• Material shown:
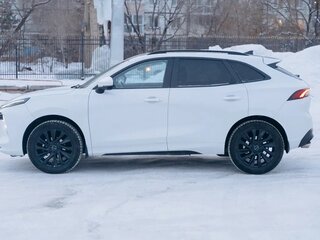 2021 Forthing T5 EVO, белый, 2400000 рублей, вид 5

...

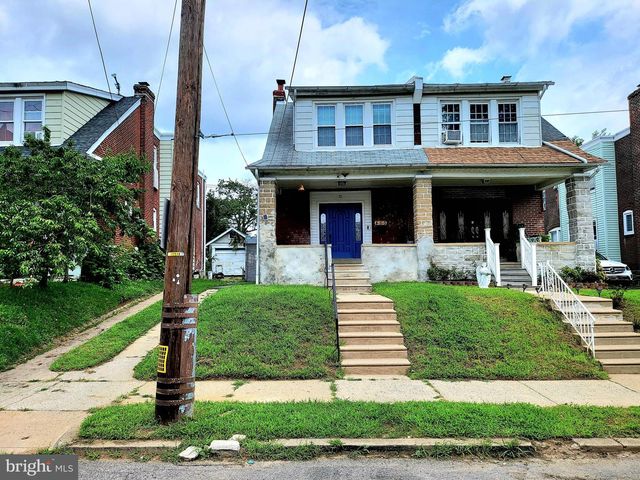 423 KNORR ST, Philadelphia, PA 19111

==

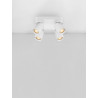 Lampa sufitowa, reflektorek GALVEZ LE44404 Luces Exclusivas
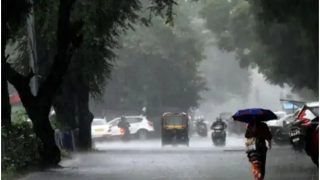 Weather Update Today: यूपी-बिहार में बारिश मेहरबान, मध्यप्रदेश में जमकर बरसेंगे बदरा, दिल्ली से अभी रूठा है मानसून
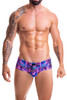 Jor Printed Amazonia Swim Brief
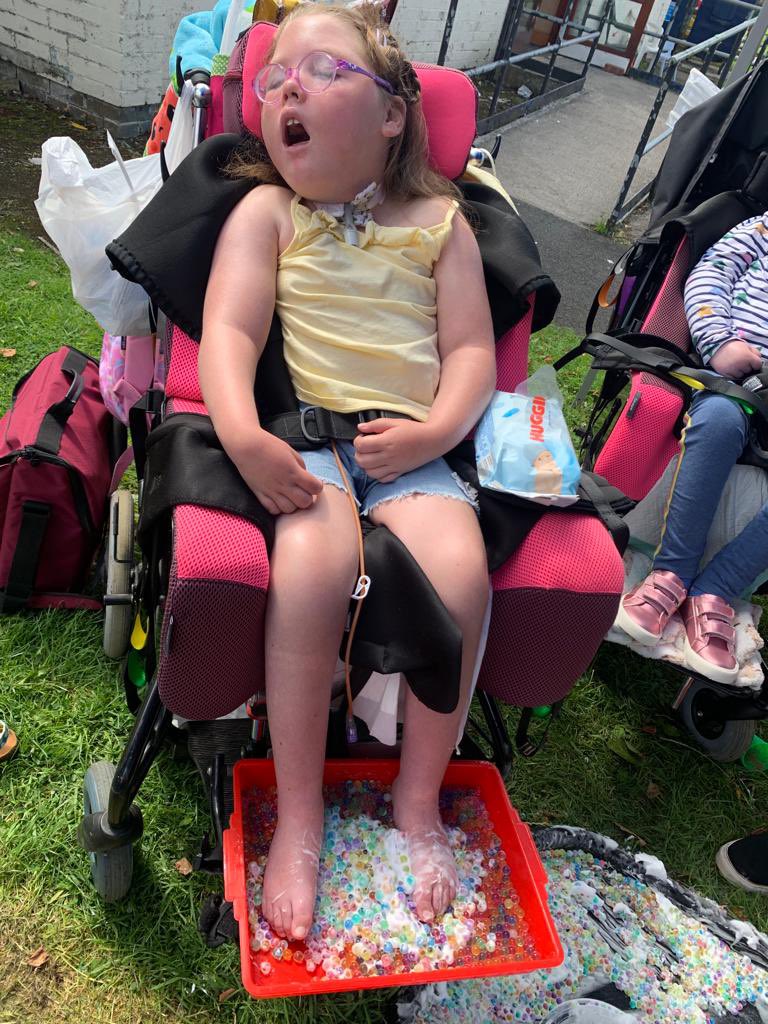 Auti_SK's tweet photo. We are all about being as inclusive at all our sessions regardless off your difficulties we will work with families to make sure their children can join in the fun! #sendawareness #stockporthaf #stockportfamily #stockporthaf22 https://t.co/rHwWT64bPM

• What you will do:
Your copy should hold only the lines above from the one containing "Jor Printed Amazonia Swim Brief" through the one containing "Auti_SK's tweet photo.", exactly as written and free of pictures.

• Your solution:
 Jor Printed Amazonia Swim Brief
 Auti_SK's tweet photo. We are all about being as inclusive at all our sessions regardless off your difficulties we will work with families to make sure their children can join in the fun! #sendawareness #stockporthaf #stockportfamily #stockporthaf22 https://t.co/rHwWT64bPM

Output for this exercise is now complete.